CREO Syndicate: Investors “sitting in the wings” waiting for aquaculture to break through

Published on
July 14, 2022
A large crop of investors have money to invest in aquaculture but are waiting for more proof the market is viable, CREO Syndicate's Maggie Fried said.

There has been a rapid increase in the amount of capital invested in climate-friendly blue foods in the past five to seven years, and huge growth in the number of companies entering the wider aquaculture space, according to Maggie Fried, head of the ocean and aquaculture investor consortium at CREO Syndicate.

CREO is a New York City, U.S.A.-based non-profit working with a network of approximately 200 global investors, primarily family offices, to invest and catalyze USD 1 trillion (EUR 977 billion) of capital into climate and sustainability solutions towards the decarbonization transition by 2025. It works with about 200 family offices and family foundations to catalyze capital into climate and sustainability solutions and the decarbonization transition. Within CREO, the Oceans, Seafood, and Aquaculture Investor Consortium (OSAIC) is a dedicated group of 35 single-family offices and funds collaborating to catalyze more than USD 250 million (EUR 248.7 million) in investments into decarbonization initiatives, including aquaculture and the blue food sector, in the Americas and Europe.

Speaking at the Blue Food Innovation Summit in April 2022 in London, U.K., Fried said her group was guided by the Nature Conservancy’s Towards a Blue Revolution report on impact investing in sustainable aquaculture.

“We are poised on the brink of a waterfall of capital coming into the space which will help us to grow a robust and sustainable aquaculture sector,” she said.

The report identifies the sector as “an opportunity that is both environmental and financial in nature,” and highlights current forecasts that suggest producers will need between USD 150 billion to USD 300 billion (EUR 149 billion to EUR 298 billion) in capital expenditure in the next ten years just to provide the infrastructure needed to accommodate consumer demand.

“That’s a conservative USD 12 billion to USD 25 billion [EUR 11.9 billion to EUR 24.8 billion] per year, on top of the need for investment in upstream and downstream, and we are not even close to the amount of capital we truly need to build this sector,” Fried said.

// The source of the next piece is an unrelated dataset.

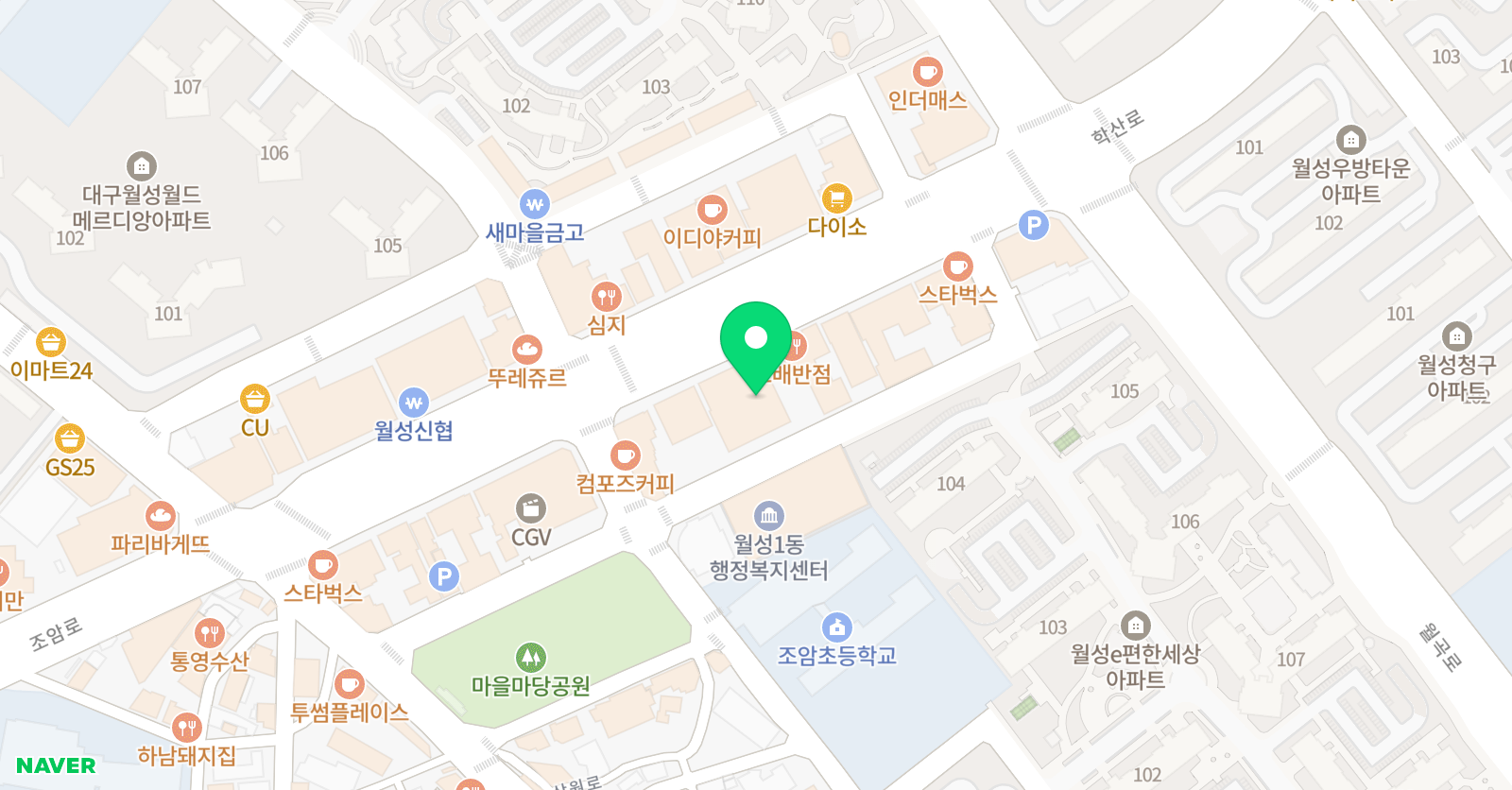 짐스아쿠아 월성점 위치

Fried said there is a diverse pool of investment money available, including via accelerators, venture capital funds, corporate ventures, family offices, infrastructure finance initiatives, private equity, and institutional capital.

“Aqua-Spark paved the way with the first sustainable aquaculture fund, but since then, lots of small- to mid-size venture funds have set up, and these will play an increasingly crucial role in catalysing funds into the space,” Fried said.  “In 2022, the total of all investment funds in the sector is estimated at around USD 3.15 billion [EUR 3.13 billion]. Of the 22 funds available, 15 are venture capital funds, 12 of which have been set up in the past two years. [Venture capital] funds are currently worth USD 1.05 billion [EUR 1.04 billion].”

Investors are streaming into biotech and companies creating hardware and software solutions needed to provide production efficiency, and into aquafeed and fish health firms and manufacturers of specialist equipment required for land-based seafood production, such as recirculating aquaculture systems (RAS), Fried said.

“These sub-sectors have large addressable markets that can generate the required returns, because a solution or product developed for salmon for example, can potentially be transferred to shrimp, then applied to chickens and pigs,” she said.

Currently, the CREO Syndicate has about 60 percent of its portfolio invested in alternative aquafeed firms, with insect-meal producers and single-cell protein feed producers accounting for the biggest share. Around 20 percent of the syndicate’s portfolio is directly tied into aquaculture ventures, while 10 percent is focused on ancillary technologies, and seaweed products, consumer products, and health and genetics products making up the remainder.

Turning to the pipeline and the future, Fried spoke of a growing interest in shrimp, particularly in the U.S., where she said there is “room to drive sustainability, tech, and health.”

“Many investors are looking at seaweed and although the checks are smaller, there is a lot of money lined up to go into that sector,” she said. “Software solutions to improve farming are showing lots of activity, along with RAS farming, flow-through systems, and opportunities outside of salmon. We are also starting to see interest from investors and movement on dealflow, in product processing and in technology to improve supply-chain transparency."

Despite growing activity in blue food investments, Fried said she is concerned that a lopsided supply chain is developing that will see seafood being produced while upstream and downstream sectors get left behind. Sectors such as feed, new production and processing methods, packaging, markets, supply chain logistics, and consumer demand need more investor attention, she said.

“Will there be enough high-quality venture opportunities for funds to have a differentiated pipeline, be successful in getting the returns they seek, and set up second and third round funds able to write larger checks? Who will fund real assets, infrastructure, debt?” she asked.

Fried spoke of regular conversations with family offices who either don’t have a mandate to invest directly in this sector or the expertise to do so, but want help to get involved.

“Other investors are also sitting in the wings, but they are waiting to see how successful the current funds are. It’s an interest time to be in this developing sector,” she said.